Cristo nos cuidó la Casa. Se habla y se hablaba mucho de la pobreza, de la elocuencia, de la generosa donación de Cristo. Se hablaba y se habla poco del misterio de su amor virginal. Pero ese amor, oculto tras los matorrales de una Casa abandonada, mantuvo un candil encendido, y ese candil, humilde pero indoblegable, guió a Martha, y luego a Alejandra, a Ana Teresa, y luego a muchas otras hermanas para que empujaron los goznes desvencijados y abrieran de nuevo las puertas. Por eso, según expresión del Consejo de Provincia, ahora las puertas “están abiertas”.
La carta del Consejo llama a éste un modo particular. Eso es cierto. No somos el camino sino un camino. Cristo dijo: “No todos entienden este lenguaje” (Mt 19,11). Hemos comprobado, a precio de soportar burlas, que es así. En la propia familia, en el ámbito parroquial, entre frailes y hermanas, incluso, hemos tenido que decirnos con humilde realismo: “no todos entienden este lenguaje”.
Sin embargo, si somos honestos, hay también una parte nuestra de responsabilidad en ello. El lenguaje a veces “no se entiende” porque somos vocablos confusos o ambiguos. Así que no porque hoy estemos de fiesta vamos a pensar que somos más de lo que somos. Nuestras incoherencias y vacilaciones, nuestra falta de espíritu de oración y de unidad, nuestro compromiso intermitente y acomodado son algunas de las llagas que ya asoman, aunque apenas estamos naciendo. Esta hora no puede ser ocasión para triunfalismos infantiles.
De hecho, acontecimientos dolorosos marcan con su espina esta misma reunión. Para mañana teníamos un encuentro vocacional, pero nuestra promotora ha pedido dispensa para retirarse del camino, a lo menos por un tiempo. Es la segunda petición grave de dispensa que recibo en menos de un mes. Así que no caben los cantos de triunfo, sino la oración de intercesión y la sola alabanza de la misericordia divina, que es inagotable. Porque no es el momento para iniciar juicios de responsabilidad personal o colectiva, sino el de volvernos hacia Dios con corazón humilde y contrito y decirle: “este don es más grande que nosotros; ¡ayúdanos, Señor!”.
Debe quedarnos claro que, ni como personas ni como hombres y mujeres llamados por Cristo, somos mejores que los que se han retirado. Pero su acción, que nos duele, también nos cuestiona. La pregunta de Dios a Caín penetra el alma: “¿Dónde está tu hermano?” (Gén 4,9). Estamos entendiendo, a precio de vidas y vocaciones, que necesitamos estar muy unidos si queremos avanzar hasta la meta. Nadie está a salvo, pues San Pablo nos advierte: “el que crea estar en pie, mire no caiga” (1 Cor 10,12).
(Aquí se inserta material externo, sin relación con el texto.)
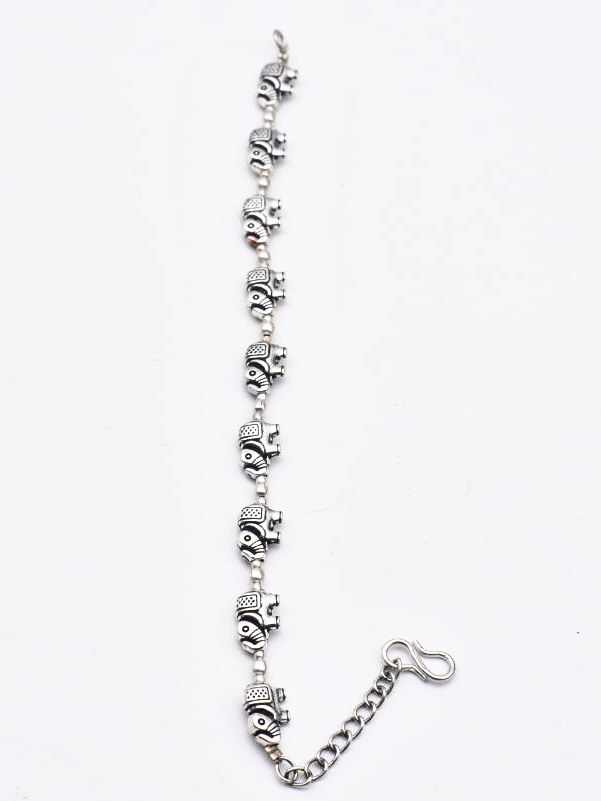 German Silver Little Elephant Chain Bracelet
Y para estar “muy unidos” necesitamos aprender y practicar una montaña de cosas bellas que brotan del Evangelio: humildad, alegría, acogida, amor mutuo. Eso de parte del grupo, pero también cada una tiene que cuidar su tesoro, no sólo resguardándose de pecado sino abriendo con resolución las puertas a la gracia. Si tienes un problema y no lo hablas a tiempo o no lo hablas con quien puede de veras ayudarte, obras como enemiga de ti misma. Así que, para que este “camino particular” florezca todos necesitamos aprender sencillez y caridad para con los demás, pero también: todos necesitamos aprender sencillez y sinceridad para abrirnos a pedir ayuda.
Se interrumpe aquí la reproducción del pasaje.